▽
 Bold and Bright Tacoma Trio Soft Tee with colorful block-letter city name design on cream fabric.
△
▽
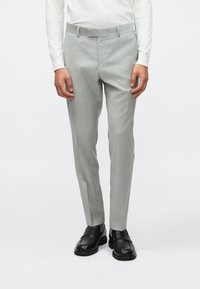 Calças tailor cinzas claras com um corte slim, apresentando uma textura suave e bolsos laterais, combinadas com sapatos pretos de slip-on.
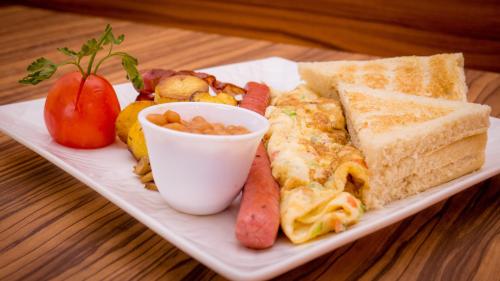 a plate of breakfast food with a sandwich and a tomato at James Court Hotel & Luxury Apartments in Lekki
△
▸ What to do
Starting at the line above that has "Calças tailor cinzas" and ending at the line that has "a plate of breakfast", copy each line exactly, leaving the pictures out and adding nothing.

▸ Result of the exercise
 Calças tailor cinzas claras com um corte slim, apresentando uma textura suave e bolsos laterais, combinadas com sapatos pretos de slip-on.
 a plate of breakfast food with a sandwich and a tomato at James Court Hotel & Luxury Apartments in Lekki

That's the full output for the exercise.